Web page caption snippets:
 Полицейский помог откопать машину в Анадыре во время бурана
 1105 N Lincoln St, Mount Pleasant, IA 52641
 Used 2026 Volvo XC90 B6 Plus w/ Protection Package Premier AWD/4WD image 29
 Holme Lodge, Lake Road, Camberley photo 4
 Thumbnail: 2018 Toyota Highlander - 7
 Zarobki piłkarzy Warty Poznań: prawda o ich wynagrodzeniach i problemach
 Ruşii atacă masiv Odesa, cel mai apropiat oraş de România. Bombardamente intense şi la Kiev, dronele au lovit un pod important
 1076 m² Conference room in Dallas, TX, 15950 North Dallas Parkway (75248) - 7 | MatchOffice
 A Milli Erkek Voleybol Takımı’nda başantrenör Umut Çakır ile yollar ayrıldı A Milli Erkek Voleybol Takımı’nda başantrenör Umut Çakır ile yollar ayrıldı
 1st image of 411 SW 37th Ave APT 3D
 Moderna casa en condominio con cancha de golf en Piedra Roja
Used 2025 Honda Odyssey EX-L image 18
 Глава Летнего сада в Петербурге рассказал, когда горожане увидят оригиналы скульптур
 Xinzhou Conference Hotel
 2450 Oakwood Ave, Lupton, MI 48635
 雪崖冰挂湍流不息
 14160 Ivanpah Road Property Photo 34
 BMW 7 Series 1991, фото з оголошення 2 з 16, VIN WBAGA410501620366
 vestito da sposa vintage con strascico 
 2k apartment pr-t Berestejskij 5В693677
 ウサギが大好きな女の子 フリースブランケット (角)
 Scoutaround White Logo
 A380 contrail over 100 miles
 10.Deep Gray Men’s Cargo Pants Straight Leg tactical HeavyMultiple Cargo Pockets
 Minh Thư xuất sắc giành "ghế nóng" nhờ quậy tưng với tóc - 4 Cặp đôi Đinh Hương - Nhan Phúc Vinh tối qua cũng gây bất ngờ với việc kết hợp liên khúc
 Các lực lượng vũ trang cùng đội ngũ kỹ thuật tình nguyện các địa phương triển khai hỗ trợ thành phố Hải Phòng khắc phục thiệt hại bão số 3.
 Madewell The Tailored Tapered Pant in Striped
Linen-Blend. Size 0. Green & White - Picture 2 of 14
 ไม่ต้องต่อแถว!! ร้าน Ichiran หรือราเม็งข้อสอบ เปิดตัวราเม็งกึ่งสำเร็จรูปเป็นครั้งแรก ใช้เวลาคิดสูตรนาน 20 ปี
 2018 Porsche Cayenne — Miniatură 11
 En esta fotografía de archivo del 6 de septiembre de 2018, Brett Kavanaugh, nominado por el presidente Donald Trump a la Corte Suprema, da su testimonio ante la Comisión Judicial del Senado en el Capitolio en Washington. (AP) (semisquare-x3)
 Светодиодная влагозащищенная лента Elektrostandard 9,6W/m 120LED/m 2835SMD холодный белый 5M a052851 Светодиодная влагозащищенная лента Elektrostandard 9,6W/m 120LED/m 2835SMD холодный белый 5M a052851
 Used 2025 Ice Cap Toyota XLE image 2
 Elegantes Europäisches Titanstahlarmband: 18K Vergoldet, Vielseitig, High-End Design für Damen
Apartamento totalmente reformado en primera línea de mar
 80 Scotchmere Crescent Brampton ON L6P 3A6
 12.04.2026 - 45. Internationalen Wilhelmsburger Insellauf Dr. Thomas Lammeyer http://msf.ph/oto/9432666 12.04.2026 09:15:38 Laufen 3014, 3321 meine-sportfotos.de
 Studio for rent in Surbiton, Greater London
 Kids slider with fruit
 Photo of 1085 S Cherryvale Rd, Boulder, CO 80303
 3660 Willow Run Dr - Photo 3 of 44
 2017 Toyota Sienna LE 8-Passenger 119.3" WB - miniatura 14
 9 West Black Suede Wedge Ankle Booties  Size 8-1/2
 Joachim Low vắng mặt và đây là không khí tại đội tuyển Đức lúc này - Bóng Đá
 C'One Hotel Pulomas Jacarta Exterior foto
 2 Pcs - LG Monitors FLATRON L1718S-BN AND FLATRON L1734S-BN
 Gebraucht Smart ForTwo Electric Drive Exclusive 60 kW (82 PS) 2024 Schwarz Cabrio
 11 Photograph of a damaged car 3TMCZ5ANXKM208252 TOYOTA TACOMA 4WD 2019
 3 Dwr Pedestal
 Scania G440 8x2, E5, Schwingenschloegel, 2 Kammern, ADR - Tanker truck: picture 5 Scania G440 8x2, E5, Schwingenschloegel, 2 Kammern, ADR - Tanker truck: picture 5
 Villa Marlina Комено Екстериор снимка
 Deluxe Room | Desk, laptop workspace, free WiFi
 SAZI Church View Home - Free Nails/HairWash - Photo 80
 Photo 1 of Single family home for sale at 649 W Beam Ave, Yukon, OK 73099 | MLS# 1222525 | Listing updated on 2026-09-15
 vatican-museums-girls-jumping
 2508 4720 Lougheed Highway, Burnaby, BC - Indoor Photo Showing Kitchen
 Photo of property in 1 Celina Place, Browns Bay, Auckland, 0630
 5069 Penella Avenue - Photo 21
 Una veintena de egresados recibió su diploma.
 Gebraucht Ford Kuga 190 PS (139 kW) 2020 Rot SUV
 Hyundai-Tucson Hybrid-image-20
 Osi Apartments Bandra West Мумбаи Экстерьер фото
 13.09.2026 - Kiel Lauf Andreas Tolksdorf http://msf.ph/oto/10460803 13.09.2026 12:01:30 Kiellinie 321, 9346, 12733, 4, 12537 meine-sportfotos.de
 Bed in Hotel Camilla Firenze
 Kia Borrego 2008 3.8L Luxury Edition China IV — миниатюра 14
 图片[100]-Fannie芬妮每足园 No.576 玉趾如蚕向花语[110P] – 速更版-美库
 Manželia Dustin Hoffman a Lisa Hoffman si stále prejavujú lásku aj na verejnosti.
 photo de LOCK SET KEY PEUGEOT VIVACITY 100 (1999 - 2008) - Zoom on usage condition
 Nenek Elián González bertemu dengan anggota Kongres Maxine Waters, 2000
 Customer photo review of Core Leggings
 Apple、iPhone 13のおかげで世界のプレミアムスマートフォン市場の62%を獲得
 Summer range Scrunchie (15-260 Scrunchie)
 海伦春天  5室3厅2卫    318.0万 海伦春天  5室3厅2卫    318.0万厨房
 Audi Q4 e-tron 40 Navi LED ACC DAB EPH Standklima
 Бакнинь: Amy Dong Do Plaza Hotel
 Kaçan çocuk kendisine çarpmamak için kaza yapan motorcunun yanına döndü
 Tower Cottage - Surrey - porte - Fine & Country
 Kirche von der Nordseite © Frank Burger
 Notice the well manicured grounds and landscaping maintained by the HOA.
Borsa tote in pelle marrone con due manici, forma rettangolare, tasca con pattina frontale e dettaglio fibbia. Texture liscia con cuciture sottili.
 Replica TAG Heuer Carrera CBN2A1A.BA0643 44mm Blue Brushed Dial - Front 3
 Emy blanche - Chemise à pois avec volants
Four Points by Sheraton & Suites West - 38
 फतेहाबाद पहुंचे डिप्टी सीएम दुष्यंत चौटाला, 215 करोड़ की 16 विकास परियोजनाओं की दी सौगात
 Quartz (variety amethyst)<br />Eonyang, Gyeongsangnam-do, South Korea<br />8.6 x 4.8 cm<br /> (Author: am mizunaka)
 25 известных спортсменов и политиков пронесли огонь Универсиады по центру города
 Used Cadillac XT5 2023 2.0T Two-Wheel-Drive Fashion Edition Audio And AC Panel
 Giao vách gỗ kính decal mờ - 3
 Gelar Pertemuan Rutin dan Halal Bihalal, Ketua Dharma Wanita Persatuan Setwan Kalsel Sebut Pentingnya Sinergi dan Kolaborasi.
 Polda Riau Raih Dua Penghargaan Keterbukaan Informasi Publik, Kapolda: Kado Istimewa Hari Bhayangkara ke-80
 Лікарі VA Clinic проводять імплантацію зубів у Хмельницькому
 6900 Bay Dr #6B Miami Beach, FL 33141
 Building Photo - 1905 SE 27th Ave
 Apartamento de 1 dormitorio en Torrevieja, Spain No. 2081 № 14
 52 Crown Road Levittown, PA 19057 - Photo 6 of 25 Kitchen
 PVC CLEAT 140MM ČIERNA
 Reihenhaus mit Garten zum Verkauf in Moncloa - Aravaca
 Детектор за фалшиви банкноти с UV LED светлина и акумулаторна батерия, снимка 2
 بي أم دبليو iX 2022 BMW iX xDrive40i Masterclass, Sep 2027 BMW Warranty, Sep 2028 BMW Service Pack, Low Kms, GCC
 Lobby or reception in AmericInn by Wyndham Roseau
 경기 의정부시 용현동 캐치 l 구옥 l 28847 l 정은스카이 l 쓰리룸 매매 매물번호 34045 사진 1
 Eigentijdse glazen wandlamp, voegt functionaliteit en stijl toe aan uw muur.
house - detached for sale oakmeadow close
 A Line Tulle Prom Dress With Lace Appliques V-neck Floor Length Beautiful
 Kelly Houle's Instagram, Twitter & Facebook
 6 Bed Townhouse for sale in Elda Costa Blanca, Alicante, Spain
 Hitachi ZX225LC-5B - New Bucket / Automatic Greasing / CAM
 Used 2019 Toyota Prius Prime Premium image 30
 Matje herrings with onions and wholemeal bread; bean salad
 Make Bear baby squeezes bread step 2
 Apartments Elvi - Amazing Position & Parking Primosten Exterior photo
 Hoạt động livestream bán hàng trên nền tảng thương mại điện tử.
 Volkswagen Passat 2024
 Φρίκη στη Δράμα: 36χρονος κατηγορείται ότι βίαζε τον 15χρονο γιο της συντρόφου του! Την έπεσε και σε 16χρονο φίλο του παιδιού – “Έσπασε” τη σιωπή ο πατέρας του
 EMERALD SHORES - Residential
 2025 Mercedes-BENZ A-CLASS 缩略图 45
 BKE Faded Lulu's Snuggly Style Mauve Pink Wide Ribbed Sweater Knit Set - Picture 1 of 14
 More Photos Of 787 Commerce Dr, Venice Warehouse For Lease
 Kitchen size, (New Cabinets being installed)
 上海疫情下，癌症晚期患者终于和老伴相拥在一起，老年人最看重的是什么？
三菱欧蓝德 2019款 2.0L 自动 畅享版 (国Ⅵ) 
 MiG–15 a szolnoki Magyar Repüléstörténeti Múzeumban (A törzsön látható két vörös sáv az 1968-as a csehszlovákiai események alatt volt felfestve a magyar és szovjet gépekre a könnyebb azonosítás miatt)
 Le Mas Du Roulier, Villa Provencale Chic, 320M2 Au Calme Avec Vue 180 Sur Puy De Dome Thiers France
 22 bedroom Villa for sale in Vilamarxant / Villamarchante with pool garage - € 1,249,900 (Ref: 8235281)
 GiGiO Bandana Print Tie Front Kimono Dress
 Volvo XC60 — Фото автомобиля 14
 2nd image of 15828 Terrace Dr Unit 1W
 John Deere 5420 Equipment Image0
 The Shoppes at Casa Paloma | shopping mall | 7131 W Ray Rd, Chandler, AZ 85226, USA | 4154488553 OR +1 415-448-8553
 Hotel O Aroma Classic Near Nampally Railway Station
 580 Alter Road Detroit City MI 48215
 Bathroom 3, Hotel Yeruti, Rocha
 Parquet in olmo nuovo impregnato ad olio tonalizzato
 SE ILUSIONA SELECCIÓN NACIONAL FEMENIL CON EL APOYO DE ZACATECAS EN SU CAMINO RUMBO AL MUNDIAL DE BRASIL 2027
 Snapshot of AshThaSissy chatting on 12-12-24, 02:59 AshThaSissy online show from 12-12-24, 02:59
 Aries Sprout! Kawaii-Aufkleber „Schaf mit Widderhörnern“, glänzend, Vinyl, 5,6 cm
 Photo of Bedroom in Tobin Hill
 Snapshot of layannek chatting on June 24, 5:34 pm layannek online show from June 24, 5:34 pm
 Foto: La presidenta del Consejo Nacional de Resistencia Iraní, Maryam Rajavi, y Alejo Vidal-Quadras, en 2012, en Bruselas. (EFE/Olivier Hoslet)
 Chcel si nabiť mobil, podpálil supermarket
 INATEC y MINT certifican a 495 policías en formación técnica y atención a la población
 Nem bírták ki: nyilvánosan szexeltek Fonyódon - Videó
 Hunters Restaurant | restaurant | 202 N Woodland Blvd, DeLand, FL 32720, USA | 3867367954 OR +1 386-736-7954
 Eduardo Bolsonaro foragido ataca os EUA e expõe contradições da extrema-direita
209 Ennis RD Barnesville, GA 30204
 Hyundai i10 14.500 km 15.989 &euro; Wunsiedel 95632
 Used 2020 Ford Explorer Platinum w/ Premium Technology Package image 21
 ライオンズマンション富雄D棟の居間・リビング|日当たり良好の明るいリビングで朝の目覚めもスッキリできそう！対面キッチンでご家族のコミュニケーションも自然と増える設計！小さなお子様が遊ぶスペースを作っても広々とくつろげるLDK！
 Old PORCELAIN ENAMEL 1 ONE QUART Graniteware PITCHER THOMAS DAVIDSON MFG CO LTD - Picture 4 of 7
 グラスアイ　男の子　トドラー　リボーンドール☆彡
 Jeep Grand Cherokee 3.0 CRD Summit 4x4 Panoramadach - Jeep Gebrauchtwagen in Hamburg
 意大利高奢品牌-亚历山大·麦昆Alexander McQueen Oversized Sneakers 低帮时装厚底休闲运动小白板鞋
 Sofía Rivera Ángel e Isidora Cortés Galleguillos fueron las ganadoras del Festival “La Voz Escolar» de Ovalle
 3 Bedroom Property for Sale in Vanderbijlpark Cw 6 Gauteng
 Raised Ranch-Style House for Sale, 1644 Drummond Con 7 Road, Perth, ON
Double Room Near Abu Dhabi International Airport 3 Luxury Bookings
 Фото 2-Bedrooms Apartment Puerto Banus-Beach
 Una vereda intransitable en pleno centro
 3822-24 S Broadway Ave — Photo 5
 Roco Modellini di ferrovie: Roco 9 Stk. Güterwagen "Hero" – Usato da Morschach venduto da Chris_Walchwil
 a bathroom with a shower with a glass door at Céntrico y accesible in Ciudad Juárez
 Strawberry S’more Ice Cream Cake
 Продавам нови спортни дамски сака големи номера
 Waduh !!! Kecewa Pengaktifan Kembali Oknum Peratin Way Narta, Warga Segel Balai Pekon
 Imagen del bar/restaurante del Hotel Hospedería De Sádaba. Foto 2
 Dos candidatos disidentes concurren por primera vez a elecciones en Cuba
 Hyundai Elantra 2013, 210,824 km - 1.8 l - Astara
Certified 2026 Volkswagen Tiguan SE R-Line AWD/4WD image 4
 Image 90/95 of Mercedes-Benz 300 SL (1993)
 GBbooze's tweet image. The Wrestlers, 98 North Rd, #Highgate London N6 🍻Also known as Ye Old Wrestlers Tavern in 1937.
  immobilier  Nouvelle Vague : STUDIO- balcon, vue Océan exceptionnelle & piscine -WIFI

## ABOUT THIS TASK
Only the lines from the one containing "Roco Modellini di" through the last line above belong in your answer. Retype them exactly.

## RESULT
 Roco Modellini di ferrovie: Roco 9 Stk. Güterwagen "Hero" – Usato da Morschach venduto da Chris_Walchwil
 a bathroom with a shower with a glass door at Céntrico y accesible in Ciudad Juárez
 Strawberry S’more Ice Cream Cake
 Продавам нови спортни дамски сака големи номера
 Waduh !!! Kecewa Pengaktifan Kembali Oknum Peratin Way Narta, Warga Segel Balai Pekon
 Imagen del bar/restaurante del Hotel Hospedería De Sádaba. Foto 2
 Dos candidatos disidentes concurren por primera vez a elecciones en Cuba
 Hyundai Elantra 2013, 210,824 km - 1.8 l - Astara
Certified 2026 Volkswagen Tiguan SE R-Line AWD/4WD image 4
 Image 90/95 of Mercedes-Benz 300 SL (1993)
 GBbooze's tweet image. The Wrestlers, 98 North Rd, #Highgate London N6 🍻Also known as Ye Old Wrestlers Tavern in 1937.
  immobilier  Nouvelle Vague : STUDIO- balcon, vue Océan exceptionnelle & piscine -WIFI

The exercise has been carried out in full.